Aujourd’hui, les jeunes sont élevés dans le relativisme religieux. Toutes les religions, leur a-t-on appris, s’égalent, y compris celles qui sont considérées comme les plus fondamentalistes, telles les sectes. Dans l’optique que tout serait égal à tout, comment comprendre ce qui est bien ou mal, vrai ou faux ?
La rectitude politique impose alors sa loi. Les jeunes, en particulier, ne sont pas formés pour développer leur esprit critique face aux diverses religions. Au contraire. Des professeurs mal préparés ou incultes ont tendance à amener leurs élèves à croire que toutes les critiques à l’endroit de l’islam, par exemple, révèlent un manque d’ouverture. Ainsi, à leurs yeux, l’opposition aux accommodements culturels devient une expression d’intolérance, voire de racisme.
Relativisme culturel
Il est frappant de constater que le relativisme dans lequel baignent les générations éduquées sans culture religieuse et sans histoire des religions rend les jeunes perméables à la rectitude politique, cette façon pernicieuse d’imposer la nouvelle morale. Comme l’ancienne, elle est aussi faite de beaux sentiments mêlés d’hypocrisie et elle fait fi de la liberté d’expression.
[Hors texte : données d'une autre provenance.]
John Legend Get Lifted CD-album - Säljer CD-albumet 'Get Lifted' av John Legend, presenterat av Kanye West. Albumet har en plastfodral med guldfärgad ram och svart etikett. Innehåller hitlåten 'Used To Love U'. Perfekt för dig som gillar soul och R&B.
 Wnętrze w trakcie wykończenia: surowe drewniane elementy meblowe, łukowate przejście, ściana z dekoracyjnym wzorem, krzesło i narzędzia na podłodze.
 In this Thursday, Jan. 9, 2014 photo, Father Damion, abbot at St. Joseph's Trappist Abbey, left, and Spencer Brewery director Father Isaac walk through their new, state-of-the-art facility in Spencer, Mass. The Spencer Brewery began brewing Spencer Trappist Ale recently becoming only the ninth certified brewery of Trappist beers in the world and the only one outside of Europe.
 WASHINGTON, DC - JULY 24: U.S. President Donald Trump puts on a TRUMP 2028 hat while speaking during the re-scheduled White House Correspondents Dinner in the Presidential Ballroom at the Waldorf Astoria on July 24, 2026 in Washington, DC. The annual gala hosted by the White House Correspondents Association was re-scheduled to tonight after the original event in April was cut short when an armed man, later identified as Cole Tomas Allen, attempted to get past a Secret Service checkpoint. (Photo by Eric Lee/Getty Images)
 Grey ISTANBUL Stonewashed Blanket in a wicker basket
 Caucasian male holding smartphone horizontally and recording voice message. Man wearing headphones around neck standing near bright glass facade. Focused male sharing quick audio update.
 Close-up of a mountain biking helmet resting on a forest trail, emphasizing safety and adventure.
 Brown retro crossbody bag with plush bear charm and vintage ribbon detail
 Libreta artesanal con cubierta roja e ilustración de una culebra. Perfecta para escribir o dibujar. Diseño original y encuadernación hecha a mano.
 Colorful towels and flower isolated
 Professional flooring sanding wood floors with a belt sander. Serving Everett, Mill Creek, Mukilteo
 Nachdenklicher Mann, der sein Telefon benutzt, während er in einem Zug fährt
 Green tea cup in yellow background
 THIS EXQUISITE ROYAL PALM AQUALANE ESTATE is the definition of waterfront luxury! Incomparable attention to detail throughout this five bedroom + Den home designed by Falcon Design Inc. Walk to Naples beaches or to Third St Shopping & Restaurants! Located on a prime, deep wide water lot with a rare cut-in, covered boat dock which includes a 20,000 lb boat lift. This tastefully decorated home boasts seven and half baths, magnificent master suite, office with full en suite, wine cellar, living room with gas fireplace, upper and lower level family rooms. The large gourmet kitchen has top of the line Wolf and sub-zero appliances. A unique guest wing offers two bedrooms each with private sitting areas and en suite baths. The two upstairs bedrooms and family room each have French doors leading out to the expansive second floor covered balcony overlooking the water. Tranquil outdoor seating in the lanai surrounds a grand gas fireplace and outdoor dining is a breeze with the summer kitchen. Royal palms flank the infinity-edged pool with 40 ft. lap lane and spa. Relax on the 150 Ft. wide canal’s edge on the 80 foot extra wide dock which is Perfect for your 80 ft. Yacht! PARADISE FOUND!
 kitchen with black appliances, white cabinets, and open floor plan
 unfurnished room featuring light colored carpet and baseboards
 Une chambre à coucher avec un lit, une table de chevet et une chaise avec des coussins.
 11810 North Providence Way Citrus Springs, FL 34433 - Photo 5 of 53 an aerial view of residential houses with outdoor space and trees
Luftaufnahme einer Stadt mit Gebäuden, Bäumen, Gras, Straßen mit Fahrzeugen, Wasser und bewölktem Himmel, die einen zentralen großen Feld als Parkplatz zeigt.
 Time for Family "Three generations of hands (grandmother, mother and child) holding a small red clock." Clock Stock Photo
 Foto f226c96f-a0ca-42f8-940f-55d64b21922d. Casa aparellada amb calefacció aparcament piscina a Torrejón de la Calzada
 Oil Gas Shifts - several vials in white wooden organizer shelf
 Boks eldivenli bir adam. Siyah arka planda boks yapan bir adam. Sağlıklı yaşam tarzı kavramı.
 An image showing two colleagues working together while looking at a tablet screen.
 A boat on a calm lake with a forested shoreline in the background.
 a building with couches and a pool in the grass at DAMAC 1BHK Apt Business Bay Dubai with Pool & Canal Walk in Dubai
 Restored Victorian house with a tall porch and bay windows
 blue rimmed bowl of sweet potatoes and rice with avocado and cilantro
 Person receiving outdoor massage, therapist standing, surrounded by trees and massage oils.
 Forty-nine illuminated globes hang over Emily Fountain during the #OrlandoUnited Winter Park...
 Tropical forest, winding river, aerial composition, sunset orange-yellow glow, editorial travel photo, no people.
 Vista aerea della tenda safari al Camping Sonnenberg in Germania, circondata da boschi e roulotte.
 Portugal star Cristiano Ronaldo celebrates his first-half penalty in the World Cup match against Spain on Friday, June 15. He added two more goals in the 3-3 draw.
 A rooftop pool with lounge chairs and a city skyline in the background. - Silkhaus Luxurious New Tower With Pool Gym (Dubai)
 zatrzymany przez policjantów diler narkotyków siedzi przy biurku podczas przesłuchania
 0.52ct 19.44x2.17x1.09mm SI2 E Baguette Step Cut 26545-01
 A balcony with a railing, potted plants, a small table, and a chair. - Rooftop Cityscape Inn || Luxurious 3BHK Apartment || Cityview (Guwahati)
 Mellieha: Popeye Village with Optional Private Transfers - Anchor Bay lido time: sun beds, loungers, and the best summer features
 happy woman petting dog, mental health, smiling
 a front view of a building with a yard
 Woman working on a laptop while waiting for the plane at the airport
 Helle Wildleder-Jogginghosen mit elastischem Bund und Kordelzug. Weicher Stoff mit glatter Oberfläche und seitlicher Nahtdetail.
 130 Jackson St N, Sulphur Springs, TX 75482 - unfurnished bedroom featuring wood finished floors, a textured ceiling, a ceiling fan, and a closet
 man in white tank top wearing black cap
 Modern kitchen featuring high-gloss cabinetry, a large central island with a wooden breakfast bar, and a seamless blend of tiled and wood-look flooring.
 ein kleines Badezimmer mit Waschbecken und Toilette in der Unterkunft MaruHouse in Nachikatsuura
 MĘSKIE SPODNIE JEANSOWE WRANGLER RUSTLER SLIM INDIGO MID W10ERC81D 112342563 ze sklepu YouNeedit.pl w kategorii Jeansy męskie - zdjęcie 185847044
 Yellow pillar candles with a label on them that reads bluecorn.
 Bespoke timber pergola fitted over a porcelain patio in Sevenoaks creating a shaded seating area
Un sondage récent, aux États-Unis, indique qu’une proportion inquiétante des jeunes ne croit plus à la démocratie. Ces jeunes sont donc les héritiers de ceux qui applaudissent Donald Trump, ses errances liberticides et son dédain de la tradition démocratique. Les jeunes libéraux du PLQ qui étaient réunis durant le week-end et qui ont concocté des propositions sur l’appropriation culturelle sont bien la preuve des changements des mentalités quant à la liberté d’expression et de création.
Ces enfants de la politique du marketing et des apparences tombent dans le clientélisme politique pratiqué par le gouvernement dont ils se réclament. Un Robert Lepage est certainement coupable à leurs yeux de racisme anti-autochtone, étant non seulement blanc, mais ouvertement souverainiste, ce « détail » qu’on a évacué de la quasi-totalité des milliers de commentaires qui ont en quelque sorte paralysé les médias sociaux et traditionnels durant cet été de canicule météorologique et culturelle.
Ouverture d’esprit
Que les jeunes échappent à la dichotomie entre le bon et le méchant, qui a pesé lourd sur le Québec de jadis, est un progrès, ne le nions pas. Qu’ils soient plus ouverts, moins portés à juger leur prochain, pour user du vocabulaire religieux, nous devons nous en réjouir.
Mais que la majorité d’entre eux estiment que la liberté de création est un caprice des artistes qui s’en réclament et bafoueraient ainsi les droits des autochtones démontre la confusion de leur esprit.
Rien n’est plus inquiétant pour l’avenir que ce cocktail explosif du triomphe de la rectitude politique et de la mise en tutelle de la liberté artistique.